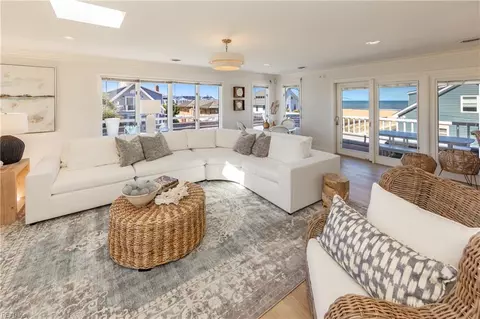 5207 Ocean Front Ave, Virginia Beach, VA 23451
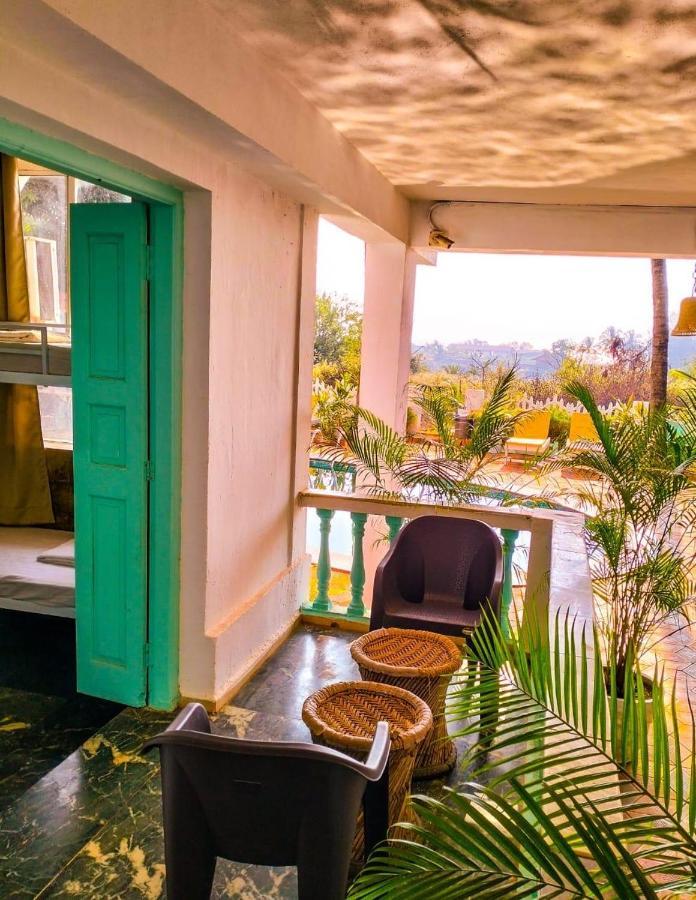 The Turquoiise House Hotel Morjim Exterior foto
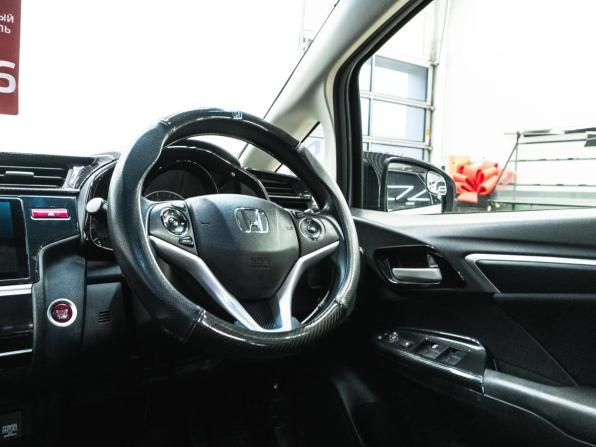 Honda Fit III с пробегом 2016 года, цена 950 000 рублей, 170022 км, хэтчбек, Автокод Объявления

━━━━━━━━━━━━━━━━

Reproduce the whole listing verbatim. Pictures stay out of the copy.

* _Answer area_:
 5207 Ocean Front Ave, Virginia Beach, VA 23451
 The Turquoiise House Hotel Morjim Exterior foto
 Honda Fit III с пробегом 2016 года, цена 950 000 рублей, 170022 км, хэтчбек, Автокод Объявления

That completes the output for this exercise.